Before KRUSE, Chief Justice, TAUANU`U, Chief Associate Judge, and VAIVAO, Associate Judge.
Counsel: For Plaintiff, Cheryl Crenwelge
For Defendant, Henry W. Kappel, Assistant Attorney General
Order Denying Motion for Reconsideration:
On May 30, 1995, this court denied plaintiff Gary W. Bradcock’s claim for relief under the Government Tort Liability Act on the basis of laches. Bradcock now moves for reconsideration, arguing that we should strictly follow our holding in Mataipule v. Tifaimoana, 16 A.S.R.2d 48 (Trial Div. 1990) (“Mataipule”). Bradcock further argues that our decision is erroneous because we did not hear evidence regarding the reasonableness of his delay in filing his case.
This well-reasoned motion to reconsider presents an excellent illustration of our concern that, without legislative line-drawing, interpretation of the statute of limitations for government tort claims is inherently hazardous business.

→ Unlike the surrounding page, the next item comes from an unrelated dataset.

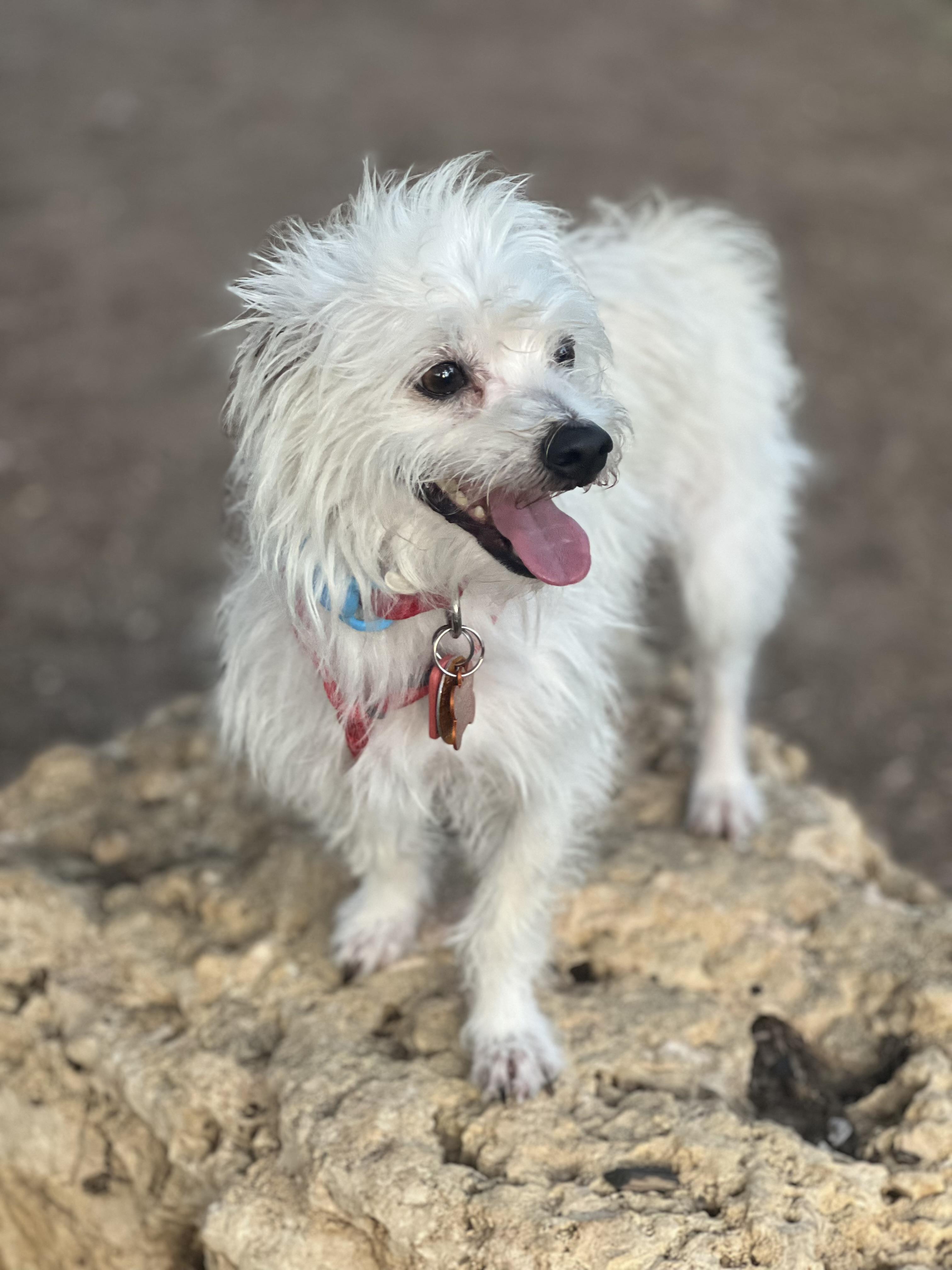 Enlarge Truman, a Adoptable Maltipoo in Austin, TX image 3/3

Bradcock v. American Samoa Gov’t, supra, 28 A.S.R.2d 66, 68 n. 1 (Trial Div. 1995). Until the legislature creates separate limitation periods for filing the administrative claim and the subsequent lawsuit, it will remain difficult for the courts to vindicate legislative intent.
I. The Mataipule Rule
According to Bradcock, Mataipule stands for the principle that a tort claim against the government accrues at the time the administrative claim is denied, and the timeliness of the administrative claim is governed by common law laches doctrine. Contrary to Bradcock’s contention, we did in fact apply Mataipule, although questioning its validity. For this reason, the continuing vitality of Mataipule is not an issue which would change our decision. Our application of the “laches” segment of Mataipule, however, merits additional discussion.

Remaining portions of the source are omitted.